[Assigned task]: From the entries below, write out exactly the lines between the line holding "Private Bedroom Near" and the line holding "OEMTOOLS 25036 Bleed-O-Matic", inclusive, excluding any pictures.

───── Record set ─────

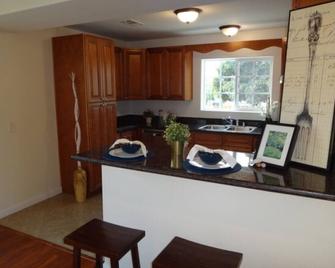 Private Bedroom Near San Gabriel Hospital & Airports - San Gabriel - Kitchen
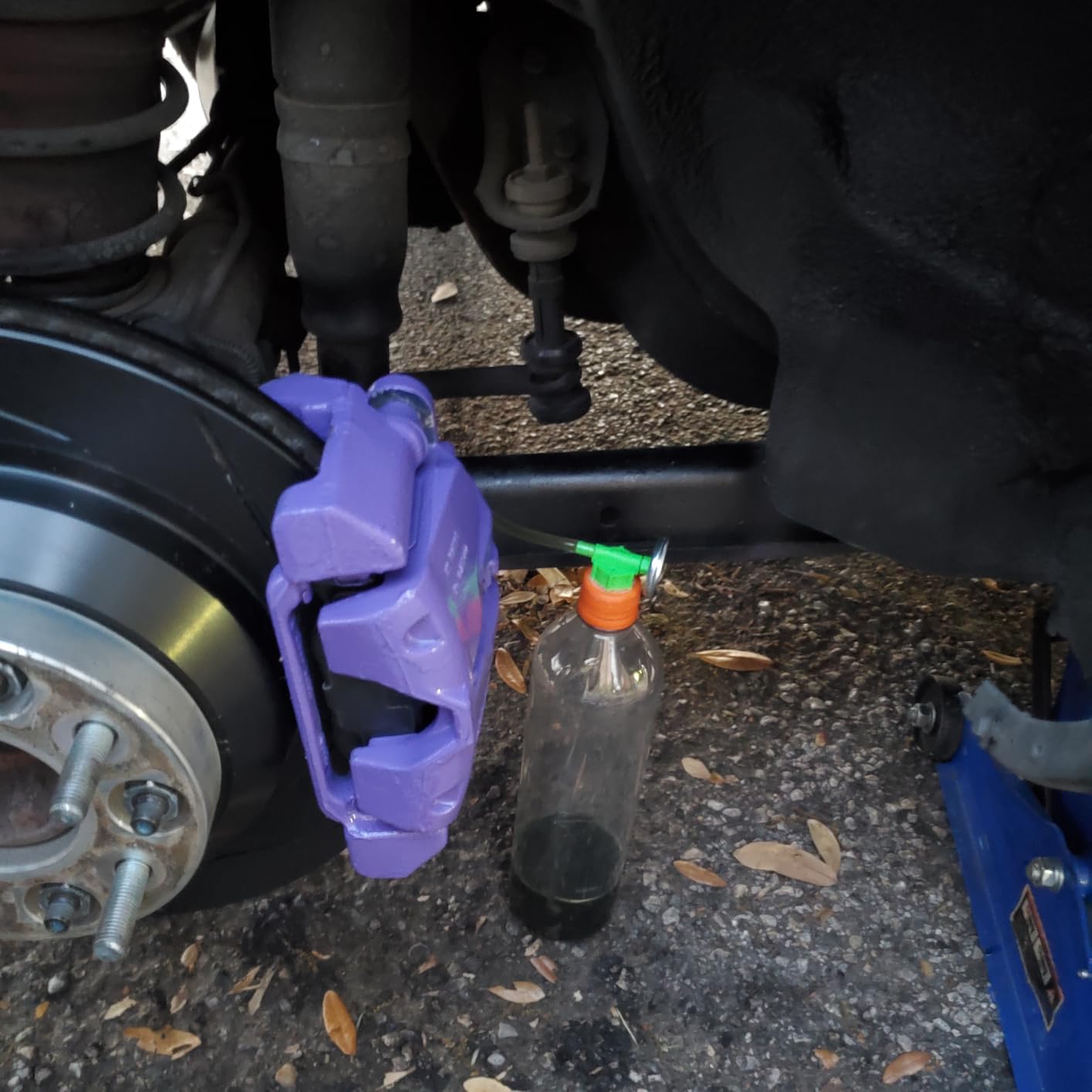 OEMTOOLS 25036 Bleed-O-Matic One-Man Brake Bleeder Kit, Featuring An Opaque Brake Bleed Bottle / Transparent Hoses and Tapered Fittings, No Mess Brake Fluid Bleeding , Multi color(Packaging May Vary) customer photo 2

─────
───── Record set ─────

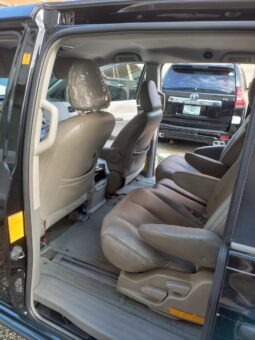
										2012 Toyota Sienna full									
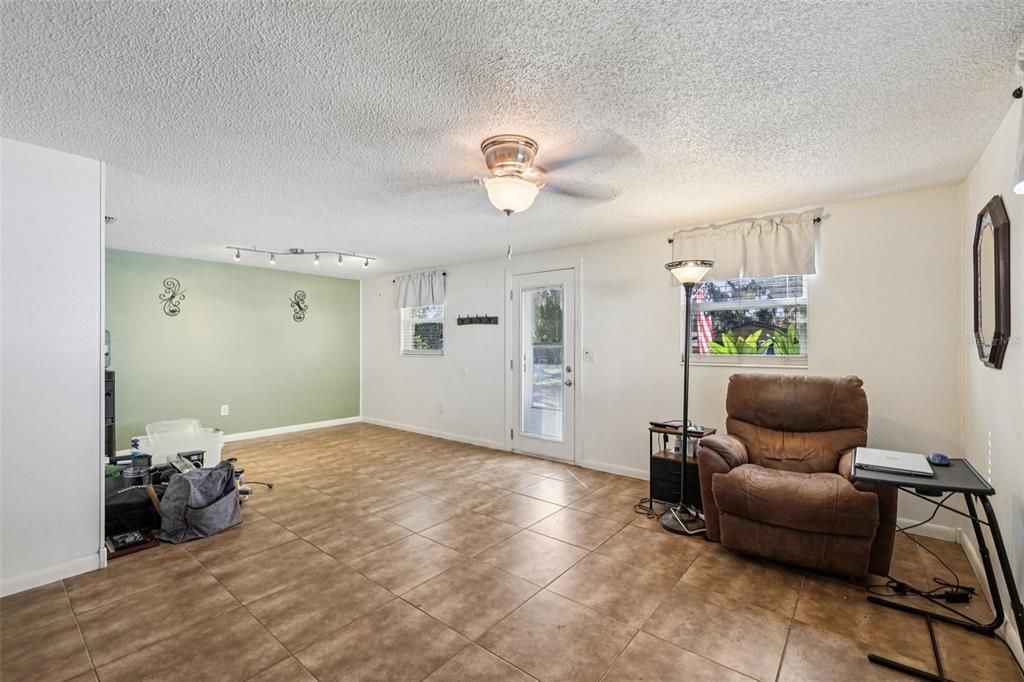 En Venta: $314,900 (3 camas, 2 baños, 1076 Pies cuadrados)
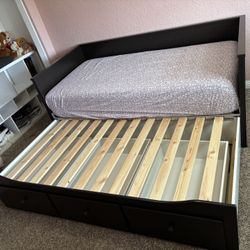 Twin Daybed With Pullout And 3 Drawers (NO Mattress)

─────
───── Record set ─────

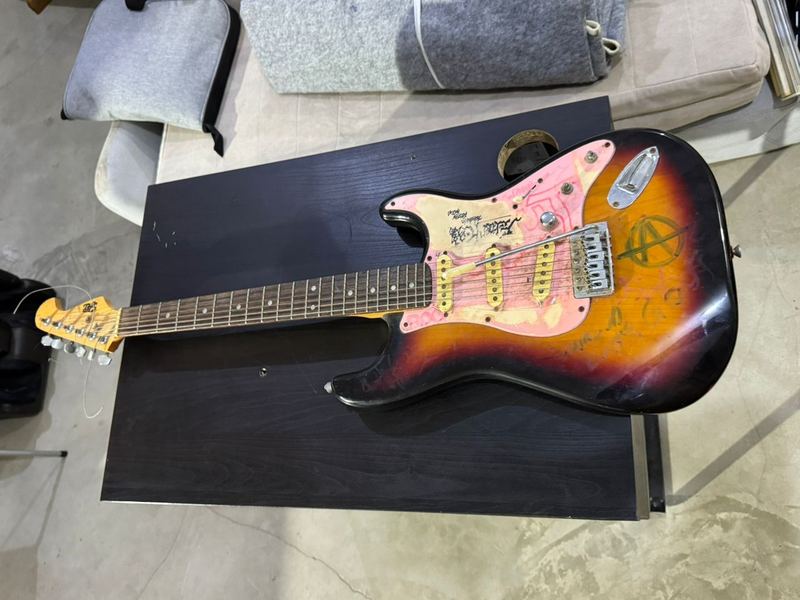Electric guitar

─────

[Result of the task]:
 Private Bedroom Near San Gabriel Hospital & Airports - San Gabriel - Kitchen
 OEMTOOLS 25036 Bleed-O-Matic One-Man Brake Bleeder Kit, Featuring An Opaque Brake Bleed Bottle / Transparent Hoses and Tapered Fittings, No Mess Brake Fluid Bleeding , Multi color(Packaging May Vary) customer photo 2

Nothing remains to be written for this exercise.